╔══
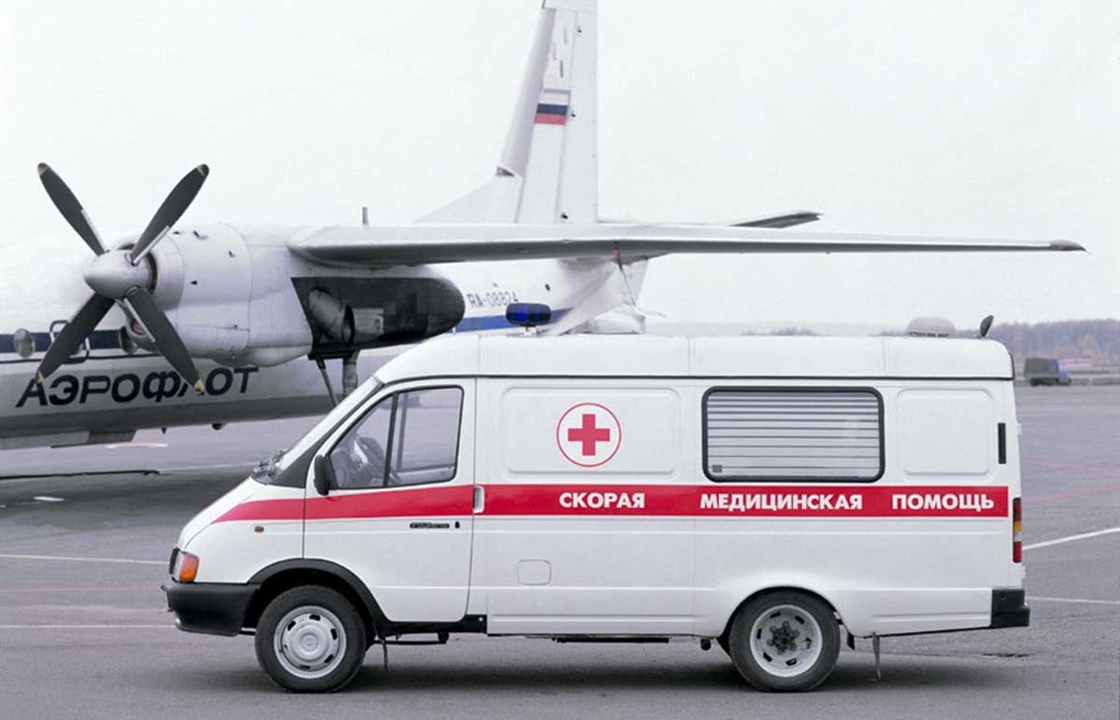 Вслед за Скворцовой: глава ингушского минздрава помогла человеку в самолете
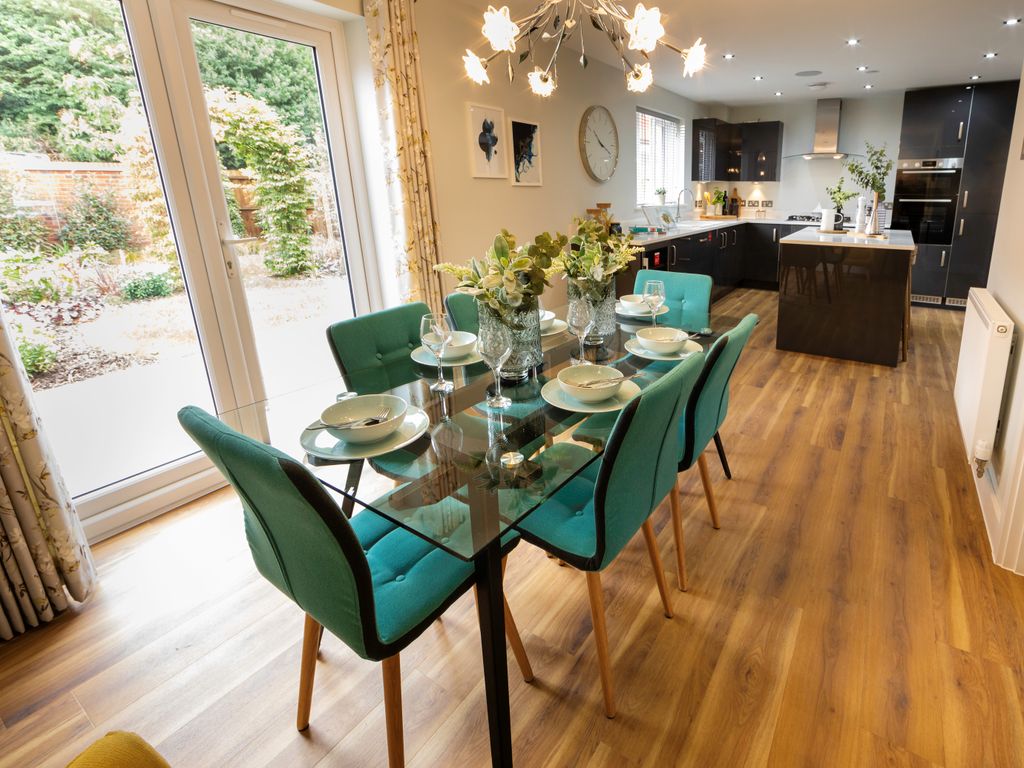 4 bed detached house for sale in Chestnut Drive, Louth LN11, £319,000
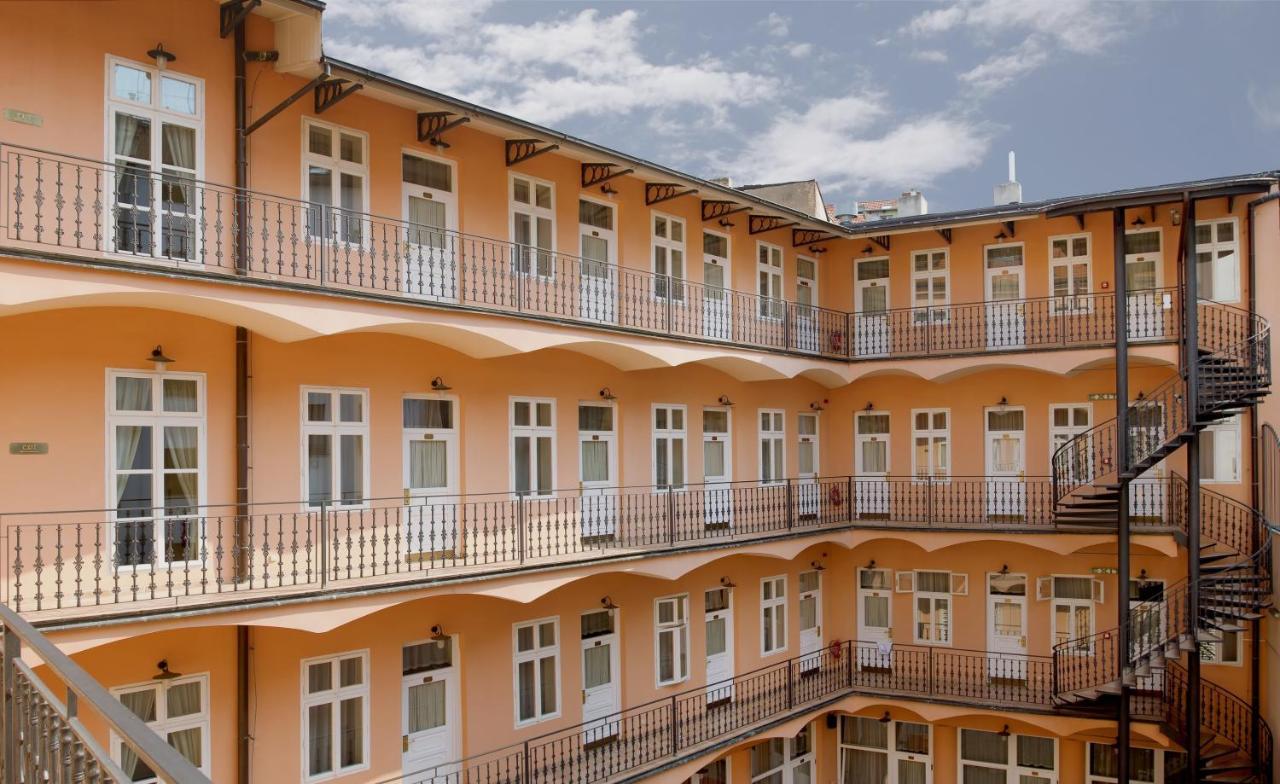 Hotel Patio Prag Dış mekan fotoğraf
╚══
╔══
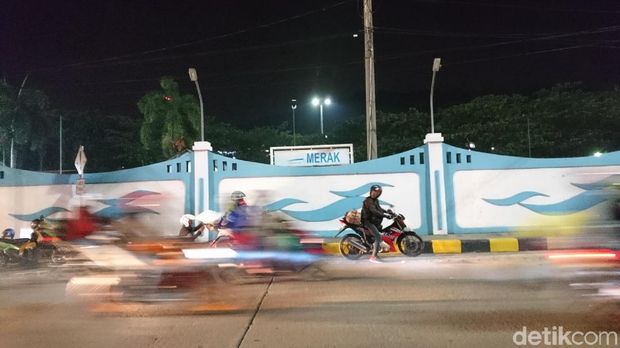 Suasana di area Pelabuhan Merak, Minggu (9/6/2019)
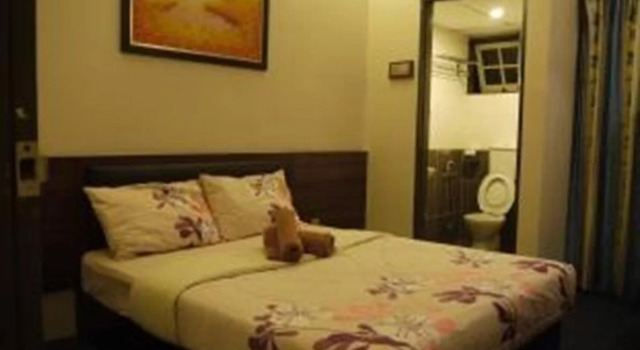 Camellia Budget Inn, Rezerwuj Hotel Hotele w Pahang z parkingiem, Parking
╚══
== Required action ==
Although the records above contain pictures, the copy should not; retype exactly the lines from the one containing "Suasana di area" through the one containing "Camellia Budget Inn, Rezerwuj".

== Response to the task ==
 Suasana di area Pelabuhan Merak, Minggu (9/6/2019)
 Camellia Budget Inn, Rezerwuj Hotel Hotele w Pahang z parkingiem, Parking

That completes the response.